Monday, October 20, 2008

On Horses

I saw the first half of Ben-Hur the other week. I’m supposed to see the rest of it this week as long as I succeed in not nodding off (accountable in equal parts to the slow-moving contemplative scenes of epics from the olden days and the perils of watching DVDs on weeknights). On slow-moving epics from the olden days, two things: 1) I don’t think I will ever again watch a Technicolor movie without feeling a pull towards the intense sleepiness of being in movie school and watching movies in Norris for Crit Studies and kind of finding it kind of super impossible not to lay down on the carpet between the seats in that large dark theatre, just for 15 or 60 minutes or so. 2) Is there any better type of movie to play peanut gallery in? My mom and I are pretty good at this, but Greg threw in some winners during B-H pt. 1, mostly about Charlton wandering into the slave-master guy’s private quarters in the back of the ship and wondering where the crapper is.

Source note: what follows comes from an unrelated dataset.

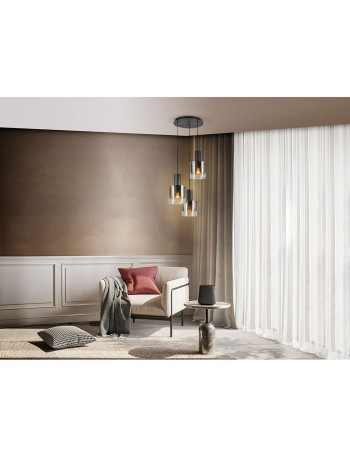 Lámpara plafón Venize 3 Luces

Okay, but point is: there’s a great scene in Ben-Hur where this horse trainer guy says goodnight to his four beautiful white horses and (maybe after the I-ma-gonna-row-you-to-death scene) this is the best scene in the first half of the movie. Just because it is so completely and overwhelmingly charming and not at all about dudes standing around in leather skirts and weird spackle darkie makeup, but real horses being beautiful. It’s a single shot as well, not a bunch of cut together shots so that it looks like the horses are reacting. It’s like a cool sliver of ice after an hour and a half of tepid buttermilk. Plus there is no plot to it: even better.

I also saw Appaloosa the other weekend. Which none of you need to see, by the way, unless you have a hankering to see Renee Zellweger smoosh her face up in a way that I guess is supposed to be cute. Anyway, it’s a pretty strangely shaped script and not very remarkable filmmaking except for one scene that, yes, involves horses. Basically: Viggo and Ed and Renee are down in the valley and being followed by some (pardon the Western parlance) Indians. Viggo takes one of the horses and rides it up the hill and gives it to them. There is no dialogue. They take the horse, drive a spear into the ground and leave. Not really a major plot point, more like an interlude on How Things Are. Really well shot and staged, great acting, and the horses are beautiful.

This is possibly Hollywood fatigue but more and more my favorite moments in movies are the pure-film moments where something happens with picture and sound that could not be captured the same way by any other medium. See: the shot of the woman’s hair in the convertible in Diving Bell and the Butterfly, the shirt inside the shirt in Brokeback Mountain, the last shot of Blair Witch Project, “that” scene in Cache, kind of all of Eternal Sunshine.

They are pure film the same way that “I Wanna Hold Your Hand” is pure song, “The Colussus” is pure painting and “The Windhover” is pure poem.